Three hundred and seven images consisted of a spectrum of natural to man-made scenes (scenery of Nova Scotia, urban parks from Annapolis, Baltimore and Washington D.C., and pictures of Ann Arbor, Detroit, and Chicago) were used in the experiment. The pictures of Nova Scotia, Ann Arbor, Detroit, and Chicago were taken from Berman et al. (2008, 2014) and the images from Annapolis, Baltimore, and Washington, D.C., were provided by the TKF foundation and were utilized in Berman et al. (2014). All of the images can be downloaded from our PLoS ONE publication Berman et al. (2014): http://journals.plos.org/plosone/article?id=10.1371/journal.pone.0114572

This sample size provides sufficient statistical power for the study while keeping the behavioral experiments’ duration reasonable (less than 40 min). The images were in three different sizes: 512^∗384, 685^∗465, and 1024^∗680 pixels. Importantly, all image features were normalized to the size of the images by being divided by the total number of pixels in the image.

Procedure

Images were presented to participants using PsychoPy (Peirce, 2007) experimental software on a desktop computer. The experiment consisted of two tasks. In one task, participants were instructed to rate how much they liked each scene using a standard Likert scale from 1 to 7, with ‘7’ indicating a strong preference and ‘1’ indicating a strong dislike. During this procedure, images were shown for 1 sec and then removed from the screen and participants had up to 4 sec to rate each scene. This was to prevent long preference judgments, which could lead to contamination of decision with uncontrolled semantics or personal experiences.

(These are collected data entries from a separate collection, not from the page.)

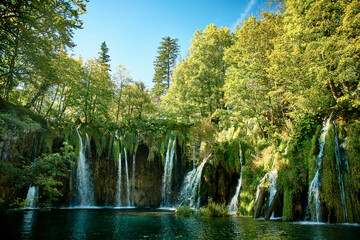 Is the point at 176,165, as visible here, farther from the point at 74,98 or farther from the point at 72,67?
the point at 72,67

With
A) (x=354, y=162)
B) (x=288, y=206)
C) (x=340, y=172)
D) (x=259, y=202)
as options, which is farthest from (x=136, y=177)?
(x=354, y=162)

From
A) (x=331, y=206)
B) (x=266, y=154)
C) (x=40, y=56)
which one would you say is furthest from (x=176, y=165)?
(x=40, y=56)

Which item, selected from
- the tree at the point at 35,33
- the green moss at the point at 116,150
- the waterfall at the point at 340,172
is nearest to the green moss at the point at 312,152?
the waterfall at the point at 340,172

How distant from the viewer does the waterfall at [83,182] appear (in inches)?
748

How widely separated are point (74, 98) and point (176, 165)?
40.4 feet

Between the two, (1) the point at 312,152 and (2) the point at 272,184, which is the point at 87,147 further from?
(1) the point at 312,152

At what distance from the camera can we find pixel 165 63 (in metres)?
40.6

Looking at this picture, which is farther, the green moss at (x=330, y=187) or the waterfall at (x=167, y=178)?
the waterfall at (x=167, y=178)

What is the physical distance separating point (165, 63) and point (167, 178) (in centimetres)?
2542

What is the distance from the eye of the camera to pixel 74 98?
22.5 m

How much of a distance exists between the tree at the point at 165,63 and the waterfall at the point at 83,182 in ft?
69.0

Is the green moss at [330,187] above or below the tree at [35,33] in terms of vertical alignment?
below

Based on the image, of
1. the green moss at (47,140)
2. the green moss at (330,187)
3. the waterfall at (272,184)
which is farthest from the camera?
the green moss at (47,140)

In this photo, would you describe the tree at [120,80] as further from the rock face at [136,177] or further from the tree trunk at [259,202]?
the tree trunk at [259,202] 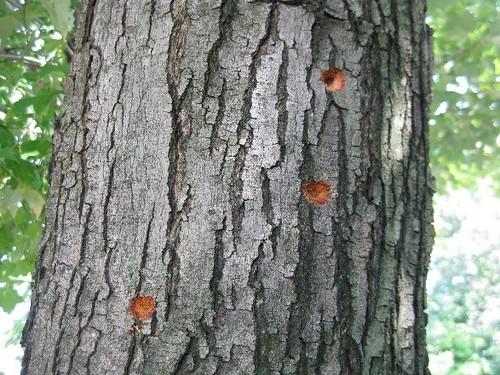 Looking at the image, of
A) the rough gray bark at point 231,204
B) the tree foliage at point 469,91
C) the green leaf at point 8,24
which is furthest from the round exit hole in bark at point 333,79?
the tree foliage at point 469,91

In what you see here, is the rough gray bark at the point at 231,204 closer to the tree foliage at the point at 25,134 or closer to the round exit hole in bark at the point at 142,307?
the round exit hole in bark at the point at 142,307

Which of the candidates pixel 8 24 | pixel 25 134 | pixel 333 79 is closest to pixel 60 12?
pixel 333 79

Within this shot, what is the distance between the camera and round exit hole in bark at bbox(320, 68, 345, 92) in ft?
4.34

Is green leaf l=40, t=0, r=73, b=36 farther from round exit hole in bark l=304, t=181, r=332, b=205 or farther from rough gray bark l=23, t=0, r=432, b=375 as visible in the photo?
round exit hole in bark l=304, t=181, r=332, b=205

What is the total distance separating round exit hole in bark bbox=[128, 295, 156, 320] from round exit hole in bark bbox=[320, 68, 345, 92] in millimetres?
617

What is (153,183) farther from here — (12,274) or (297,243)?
(12,274)

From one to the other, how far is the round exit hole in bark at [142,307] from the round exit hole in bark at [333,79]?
2.02 ft

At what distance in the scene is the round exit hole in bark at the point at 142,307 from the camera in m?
1.20

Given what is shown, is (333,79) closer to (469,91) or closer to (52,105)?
(52,105)

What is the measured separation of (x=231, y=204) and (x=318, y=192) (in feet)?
0.64

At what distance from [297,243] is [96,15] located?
78 cm

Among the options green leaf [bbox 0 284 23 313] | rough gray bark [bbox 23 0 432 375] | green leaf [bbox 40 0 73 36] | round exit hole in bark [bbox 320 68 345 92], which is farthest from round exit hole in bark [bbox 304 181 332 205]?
green leaf [bbox 0 284 23 313]

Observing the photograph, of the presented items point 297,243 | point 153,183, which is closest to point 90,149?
point 153,183

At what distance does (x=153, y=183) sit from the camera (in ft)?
4.12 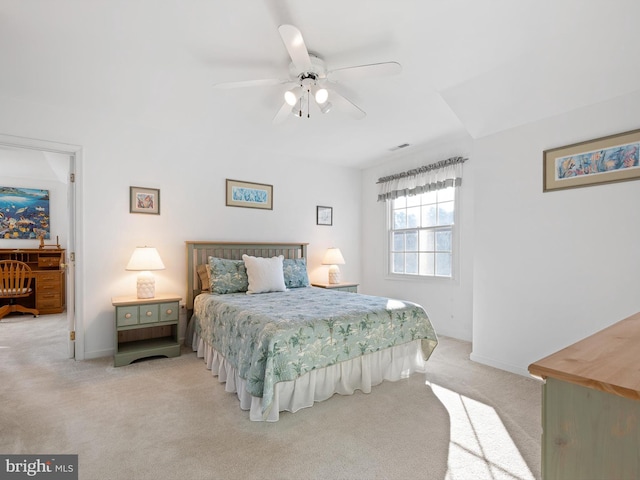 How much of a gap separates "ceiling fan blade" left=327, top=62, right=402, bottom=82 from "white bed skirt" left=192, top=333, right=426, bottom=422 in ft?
6.74

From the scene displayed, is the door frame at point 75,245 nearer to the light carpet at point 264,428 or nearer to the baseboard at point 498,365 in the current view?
the light carpet at point 264,428

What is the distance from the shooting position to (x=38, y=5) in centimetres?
190

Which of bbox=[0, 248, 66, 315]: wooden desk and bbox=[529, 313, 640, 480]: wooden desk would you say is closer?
bbox=[529, 313, 640, 480]: wooden desk

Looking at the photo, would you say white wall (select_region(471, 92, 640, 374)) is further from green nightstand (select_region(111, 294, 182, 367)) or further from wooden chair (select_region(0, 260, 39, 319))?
wooden chair (select_region(0, 260, 39, 319))

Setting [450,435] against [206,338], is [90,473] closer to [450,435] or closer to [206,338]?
[206,338]

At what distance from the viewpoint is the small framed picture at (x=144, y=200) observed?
3.63 meters

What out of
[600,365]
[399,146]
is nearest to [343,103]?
[399,146]

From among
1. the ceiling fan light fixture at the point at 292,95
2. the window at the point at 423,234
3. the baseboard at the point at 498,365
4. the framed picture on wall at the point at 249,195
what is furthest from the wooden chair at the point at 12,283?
the baseboard at the point at 498,365

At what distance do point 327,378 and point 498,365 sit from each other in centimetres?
176

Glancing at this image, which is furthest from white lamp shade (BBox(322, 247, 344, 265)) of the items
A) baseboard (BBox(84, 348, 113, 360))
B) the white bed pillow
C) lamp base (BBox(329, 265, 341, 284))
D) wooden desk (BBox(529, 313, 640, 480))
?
wooden desk (BBox(529, 313, 640, 480))

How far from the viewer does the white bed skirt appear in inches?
90.0

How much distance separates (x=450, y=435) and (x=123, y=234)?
3.55 metres

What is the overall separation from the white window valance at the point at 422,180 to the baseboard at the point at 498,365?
2036mm

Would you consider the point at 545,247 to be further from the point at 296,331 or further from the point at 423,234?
the point at 296,331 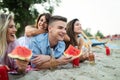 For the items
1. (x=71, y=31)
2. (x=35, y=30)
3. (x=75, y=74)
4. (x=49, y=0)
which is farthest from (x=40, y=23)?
(x=49, y=0)

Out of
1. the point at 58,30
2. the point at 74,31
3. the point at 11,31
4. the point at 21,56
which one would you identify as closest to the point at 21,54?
the point at 21,56

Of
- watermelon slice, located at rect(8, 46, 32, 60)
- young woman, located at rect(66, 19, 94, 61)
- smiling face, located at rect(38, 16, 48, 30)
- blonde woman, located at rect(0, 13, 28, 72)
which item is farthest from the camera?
young woman, located at rect(66, 19, 94, 61)

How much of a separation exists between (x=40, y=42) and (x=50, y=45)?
234 millimetres

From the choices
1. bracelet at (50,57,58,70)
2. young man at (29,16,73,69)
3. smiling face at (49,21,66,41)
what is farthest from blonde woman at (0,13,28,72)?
smiling face at (49,21,66,41)

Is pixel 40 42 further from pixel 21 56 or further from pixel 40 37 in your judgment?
pixel 21 56

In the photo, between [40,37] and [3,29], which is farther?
[40,37]

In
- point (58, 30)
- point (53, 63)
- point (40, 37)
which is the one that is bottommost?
point (53, 63)

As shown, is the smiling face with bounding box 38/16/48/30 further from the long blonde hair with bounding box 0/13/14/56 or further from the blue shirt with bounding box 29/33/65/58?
the long blonde hair with bounding box 0/13/14/56

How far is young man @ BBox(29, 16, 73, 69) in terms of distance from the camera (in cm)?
493

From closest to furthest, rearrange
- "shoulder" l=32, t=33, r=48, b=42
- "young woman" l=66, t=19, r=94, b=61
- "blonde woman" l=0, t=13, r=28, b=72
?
"blonde woman" l=0, t=13, r=28, b=72 → "shoulder" l=32, t=33, r=48, b=42 → "young woman" l=66, t=19, r=94, b=61

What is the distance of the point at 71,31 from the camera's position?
6.10 metres

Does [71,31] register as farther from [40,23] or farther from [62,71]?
[62,71]

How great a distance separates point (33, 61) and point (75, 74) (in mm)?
Result: 720

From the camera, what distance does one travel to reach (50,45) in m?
5.21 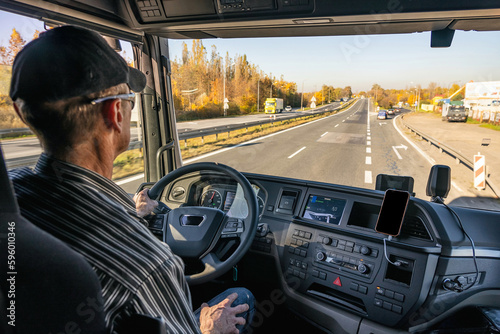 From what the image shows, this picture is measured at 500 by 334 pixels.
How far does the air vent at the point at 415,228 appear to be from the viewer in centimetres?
197

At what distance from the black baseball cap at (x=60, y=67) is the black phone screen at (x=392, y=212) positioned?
173 cm

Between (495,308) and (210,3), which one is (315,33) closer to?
(210,3)

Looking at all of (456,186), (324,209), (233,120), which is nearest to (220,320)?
(324,209)

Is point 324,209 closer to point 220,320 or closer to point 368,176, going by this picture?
point 368,176

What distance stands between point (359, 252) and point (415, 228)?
363mm

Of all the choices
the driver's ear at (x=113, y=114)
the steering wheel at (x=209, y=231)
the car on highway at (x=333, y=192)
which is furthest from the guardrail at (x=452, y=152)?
the driver's ear at (x=113, y=114)

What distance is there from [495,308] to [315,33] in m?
2.20

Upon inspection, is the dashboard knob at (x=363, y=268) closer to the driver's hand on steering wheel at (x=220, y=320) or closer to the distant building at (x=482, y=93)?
the driver's hand on steering wheel at (x=220, y=320)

In the second task, participants were instructed to rate how natural versus man-made each scene was. Again, a Likert scale was used with a range from 1 to 7, with ‘7’ indicating that the image was very natural and ‘1’ indicating that the image was very man-made. During this task, participants viewed the scene for 1.5 s before they were able to respond. This was to prevent hasty judgments about natural content before examining the image properly. After 1.5 s the scene stayed on the computer screen so that participants could view it until they made their response.

The order of presentation for 307 images was always randomized. For both tasks, participants responded using the numbers 1–7 on the computer keyboard. The order of performing the two tasks was counterbalanced across participants (26 participants did preference rating first, and the other 26 did naturalness rating first). Participants were instructed about each rating experiment separately and did not know about their second experiment before finishing the first rating. There was a 1- to 2-min rest between the two rating experiments.

Behavioral Measures

Esthetic preference (Preference) for each image was calculated as the mean preference rating across all participants. Perceived naturalness (Naturalness) was also calculated as the mean naturalness rating across all participants for each image. The reason that ratings were averaged over all participants was that simple t-test comparisons showed that for none of the images the average preference from the 26 participants who did preference rating before naturalness rating was significantly different from the average preference rating from the 26 participants who did preference rating after naturalness rating (among all images, the closest to significance had p = 0.103, t = -1.692, df = 25). The same was true for naturalness ratings (among all images, closest to significance had p = 0.202, t = -1.312, df = 25).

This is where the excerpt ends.